I na sam koniec kolejny wariant, czyli Kazak Spetznaz z HMG. Model, cóż… Solidny. Znaczy, na pewno jestem tutaj mocno nie fair, gdyż po prostu stylówka Ariadny nigdy do mnie nie przemawiała – nie po to gram w system SF by wystawiać modele, które w sumie przeszły by w jakimś współczesnym settingu. Co nie zmienia faktu, że dla fanów tejże frakcji może być ładny dodatek do armii, bo detale są naprawdę solidne – od sznurowadeł na glanach poprzez fantastyczne gogle z mikrofonem, model ten wygląda całkiem realnie.

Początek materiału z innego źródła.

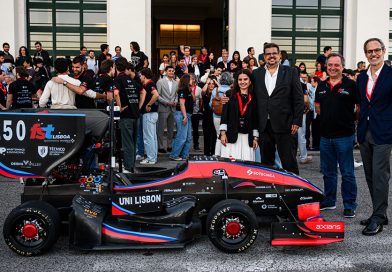 Estudantes do Técnico apresentam protótipo Formula Student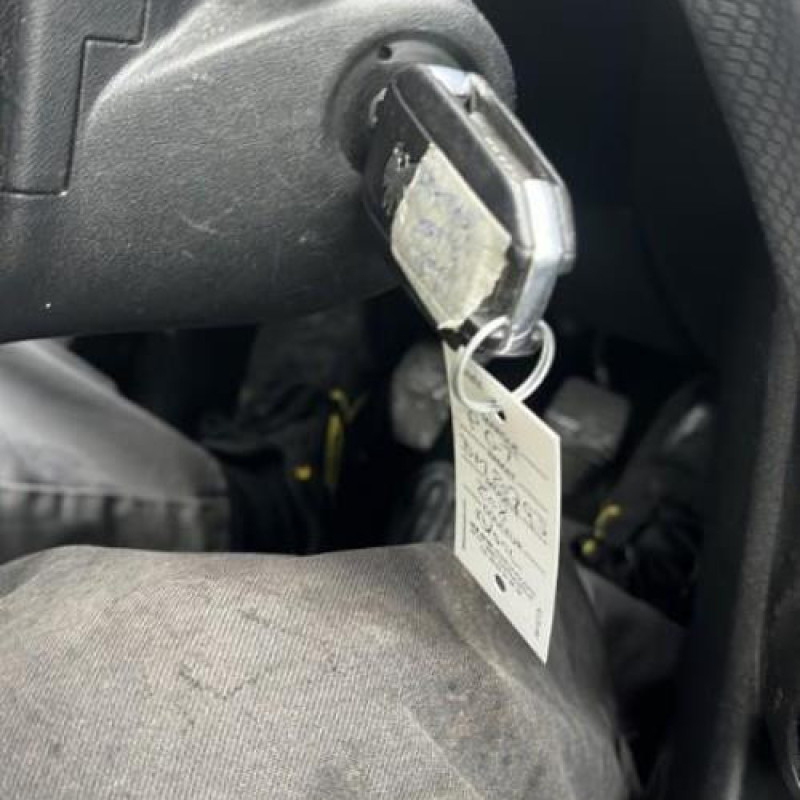 Pretensionneur de ceinture avant droit PEUGEOT 2008 1 Photo n°16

Sympatycznym dodatkiem są skrzynie z amunicją – wątpliwe, by były tam dodane tylko jako konwersja, biorąc pod uwagę pozę i zgięcie nogi naszego żołnierza, więc zakładam, że ów skrzynki są w blisteku i każdy będzie mógł sobie tak wypozować model. Zapewne jest to kwestia zdjęcia i perspektywy, ale wydaje mi się, że ciężki karabin jest jakby mniejszy niż ten model, do którego jestem przyzwyczajony. Cóż, zobaczę model na stole (*najpewniej rozrywający moją ciężką piechotę na strzępy*) to się okaże w praktyce.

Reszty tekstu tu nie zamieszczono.